Guy Cranswick | July 18, 2014
Measuring enterprise technology purchases in terms of investment ratios to operational revenues is not very sound.

There is one more major and critical difference between enterprise technology investments and financial investments. That is time, or the 'time value of money' which is the principle that the purchasing power of money varies over time.

This idea is central to financial investments and the valuation of anything from individual assets, share prices, superannuation and dividends.

The time value of money is completely absent when it comes to doing financial analysis of enterprise technology investments. All costs, whether in a classic total cost of ownership and/or benchmarking analysis, are assumed to be at present value.

The investment analysis, which analyses ratios of IT investments to business revenues, is also achieved implicitly at present value. This occurs even though revenues will be earned over several years, not the same year as the technology investment.

The reason why this is important is that money is worth more now than in the future.

This is true for enterprise technology investments even if they do not hinge on the same metrics of return or use of capital over time that a financial investment would make.

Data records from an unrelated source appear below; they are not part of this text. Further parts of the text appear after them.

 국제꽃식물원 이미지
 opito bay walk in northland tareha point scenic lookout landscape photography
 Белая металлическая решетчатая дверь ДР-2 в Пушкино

Negotiating the payment timing for a technology asset alone can quickly turn an inefficient investment into an efficient proposition when 'time value of money' is integrated into the analysis.

The benefit of net present value

Discounted cash flow analysis is the method by which to derive the net present value of an investment. In many respects, it is a powerful method to value your IT assets. Using this method, future cash flows are forecasted and discounted to provide their present values.

This method is beneficial because it accounts for the time value of money, and does not depend on other data sources in order to compute outputs. It provides a more realistic evaluation of the value of technology and the efficient use of capital over time.

Ultimately, you need to ask yourself the following questions when you are analysing the value of your technology investments.

  • Which methodologies should be applied given our current requirements? Total cost of ownership or benchmarking or both?
  • Which methodologies are used by our finance department and which are preferred for certain functions?

It's possible to be more precise in the way that you evaluate the cost of technology equipment over time. Implementing better analytical methods is necessary if you are to make good technology investment decisions.